__ASSIGNMENT__. Reproduce the line with "Harmonee Shirtdress - Starlight Navy" and everything after it in the listing below, exactly, both ends included. No pictures.
PROVIDED MATERIAL below:
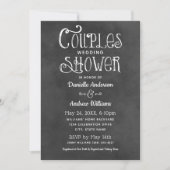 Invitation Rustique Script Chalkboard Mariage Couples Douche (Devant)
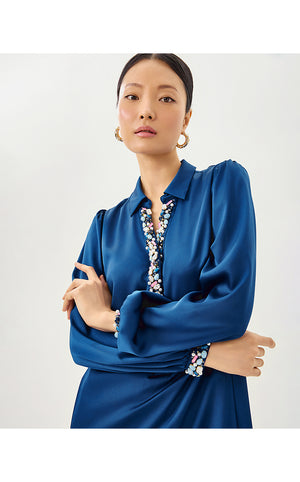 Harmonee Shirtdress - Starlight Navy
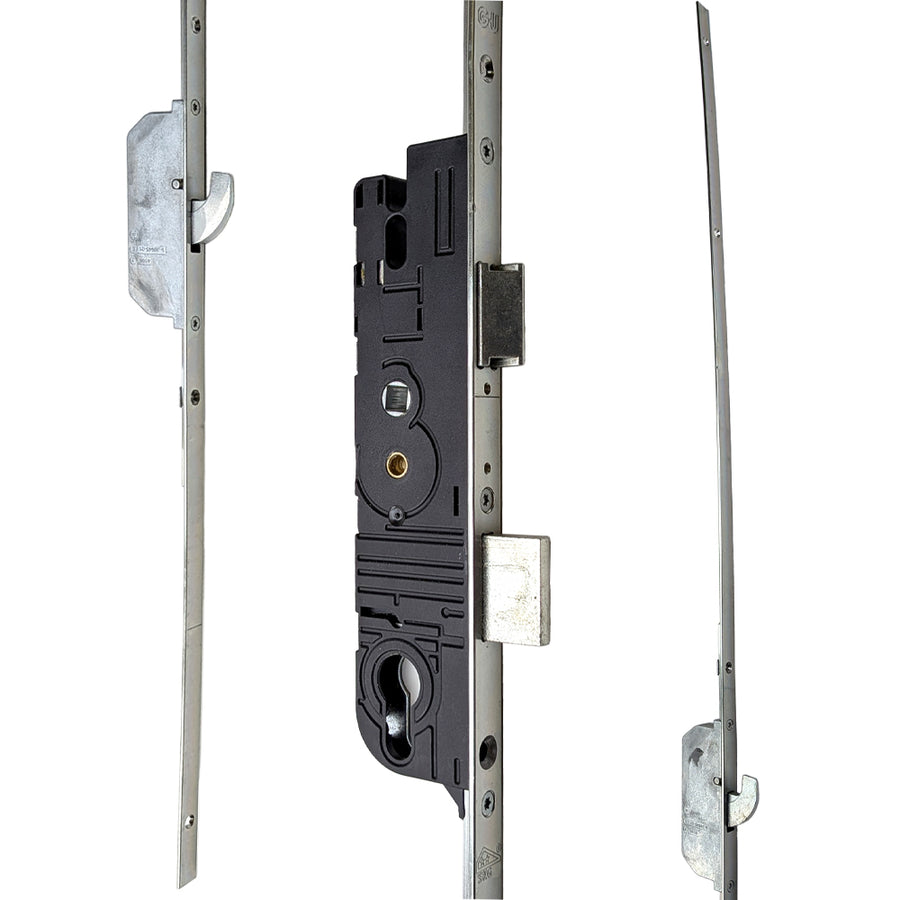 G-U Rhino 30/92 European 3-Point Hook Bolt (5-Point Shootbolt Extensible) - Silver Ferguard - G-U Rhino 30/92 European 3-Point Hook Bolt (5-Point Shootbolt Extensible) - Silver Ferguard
End of PROVIDED MATERIAL.
__ANSWER SECTION__.
 Harmonee Shirtdress - Starlight Navy
 G-U Rhino 30/92 European 3-Point Hook Bolt (5-Point Shootbolt Extensible) - Silver Ferguard - G-U Rhino 30/92 European 3-Point Hook Bolt (5-Point Shootbolt Extensible) - Silver Ferguard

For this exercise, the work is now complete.